**WHAT TO PRODUCE:**
Give the lines below again exactly, starting with the line that holds "Massaged Kale Salad" and going on through the line that holds "Boutons De Manchette".

**DATA FOR PROCESSING:**
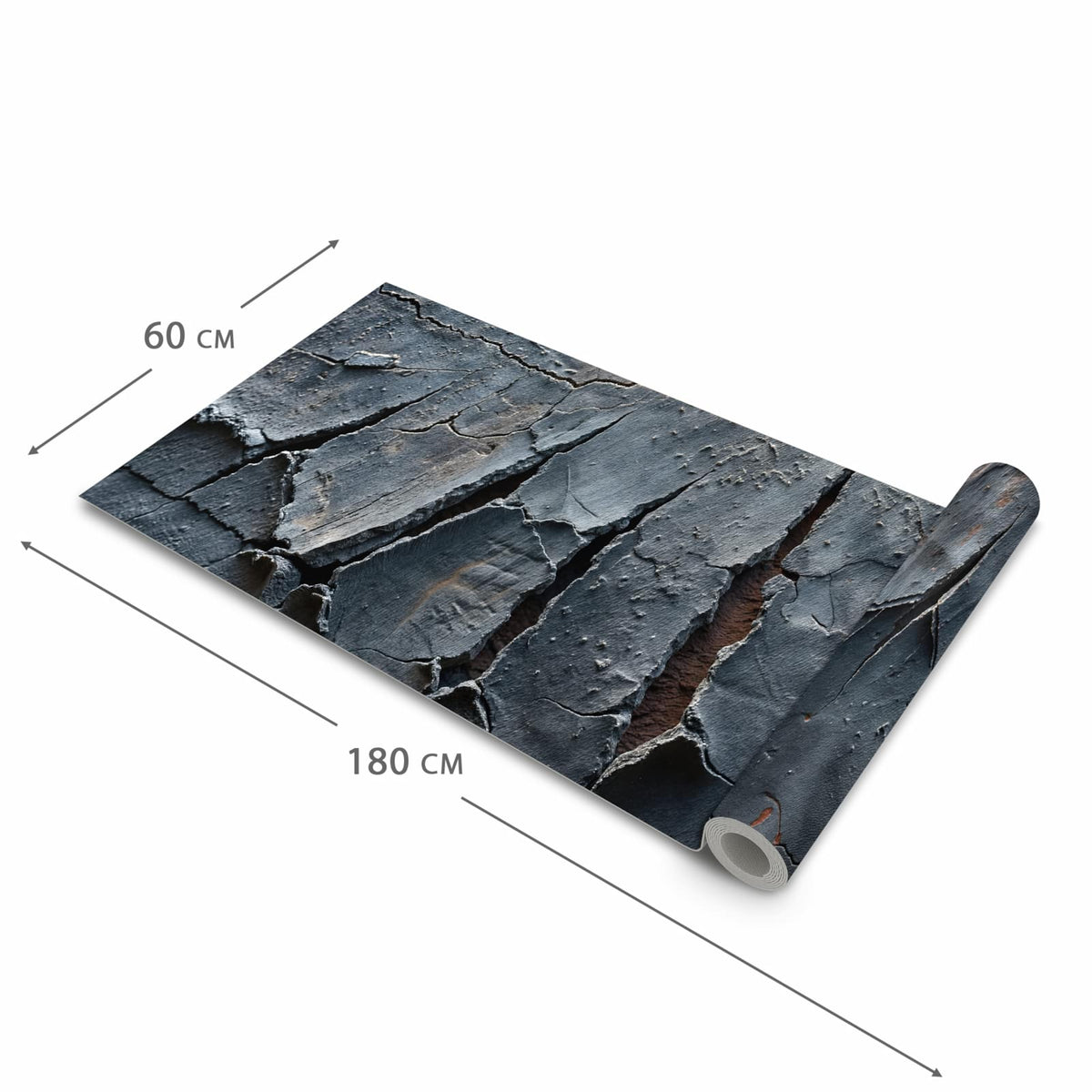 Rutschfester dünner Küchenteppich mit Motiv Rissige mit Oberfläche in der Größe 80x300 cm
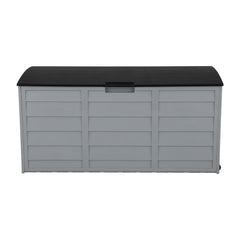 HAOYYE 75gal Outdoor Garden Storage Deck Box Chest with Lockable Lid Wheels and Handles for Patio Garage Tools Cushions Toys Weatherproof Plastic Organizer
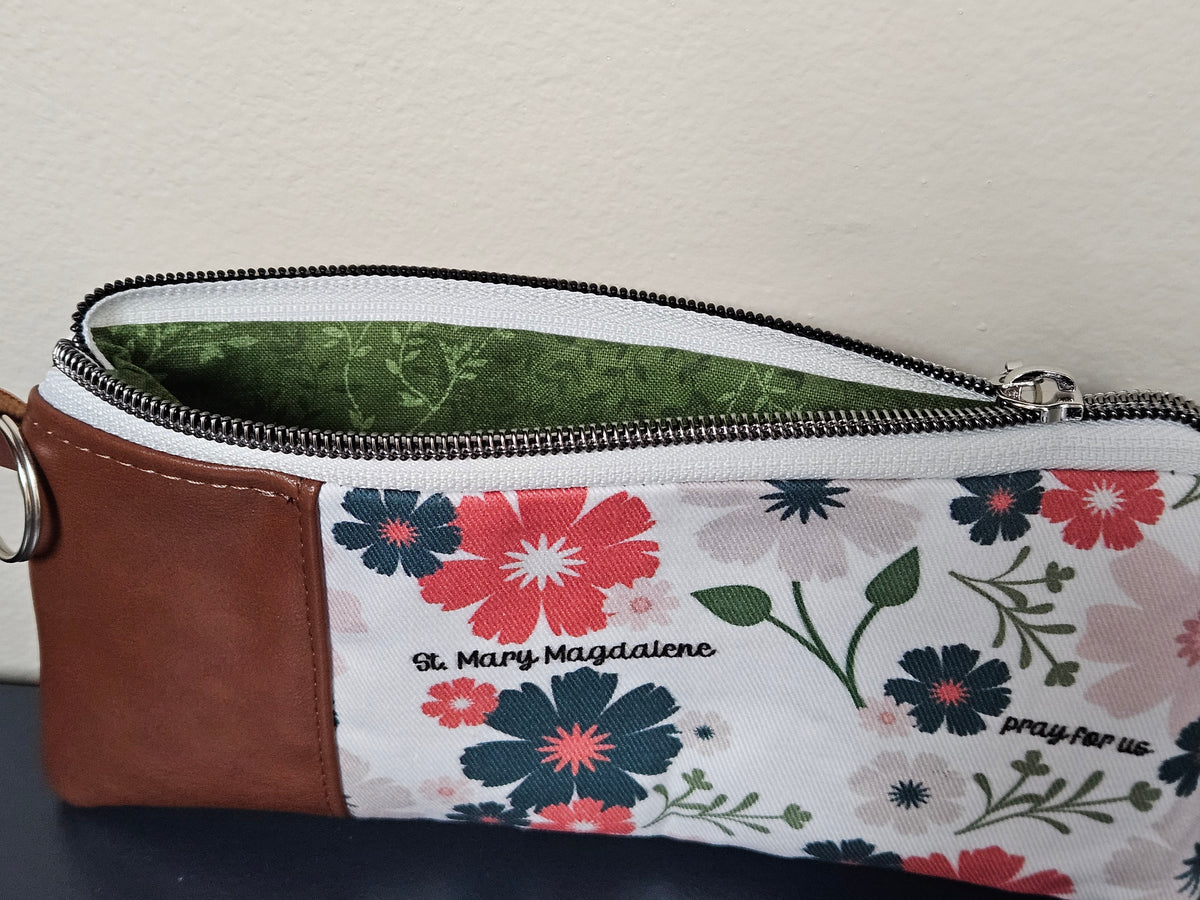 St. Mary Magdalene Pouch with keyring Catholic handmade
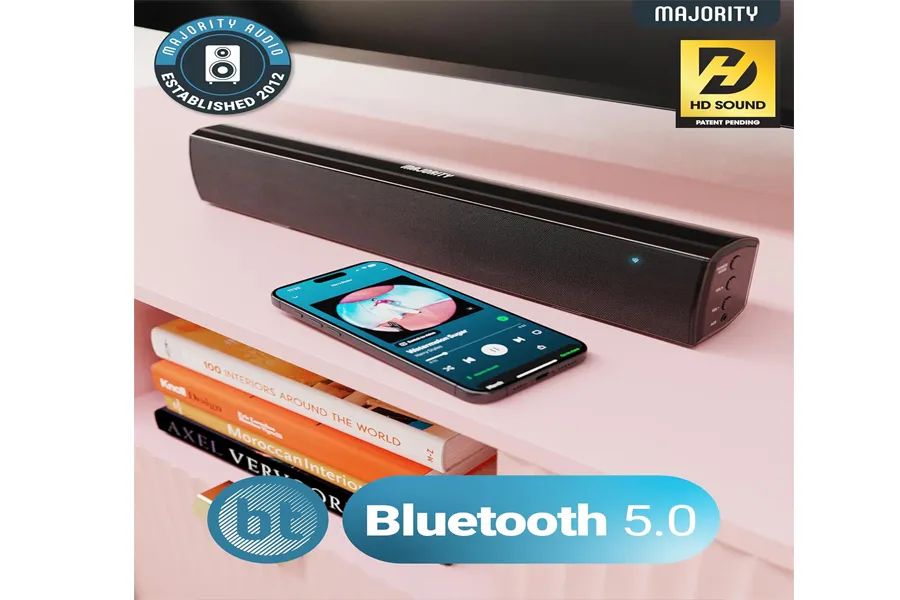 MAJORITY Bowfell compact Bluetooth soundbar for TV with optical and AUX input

...

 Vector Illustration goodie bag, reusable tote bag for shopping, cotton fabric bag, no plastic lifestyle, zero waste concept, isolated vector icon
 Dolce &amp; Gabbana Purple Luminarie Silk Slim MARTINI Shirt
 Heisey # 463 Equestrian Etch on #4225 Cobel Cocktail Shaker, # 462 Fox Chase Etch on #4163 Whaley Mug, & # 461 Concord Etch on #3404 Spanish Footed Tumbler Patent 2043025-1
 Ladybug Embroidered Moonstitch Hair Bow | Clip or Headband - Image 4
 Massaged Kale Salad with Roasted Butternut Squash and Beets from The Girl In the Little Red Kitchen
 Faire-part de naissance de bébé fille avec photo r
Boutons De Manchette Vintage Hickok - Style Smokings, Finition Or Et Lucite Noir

**WRITTEN RESPONSE:**
 Massaged Kale Salad with Roasted Butternut Squash and Beets from The Girl In the Little Red Kitchen
 Faire-part de naissance de bébé fille avec photo r
Boutons De Manchette Vintage Hickok - Style Smokings, Finition Or Et Lucite Noir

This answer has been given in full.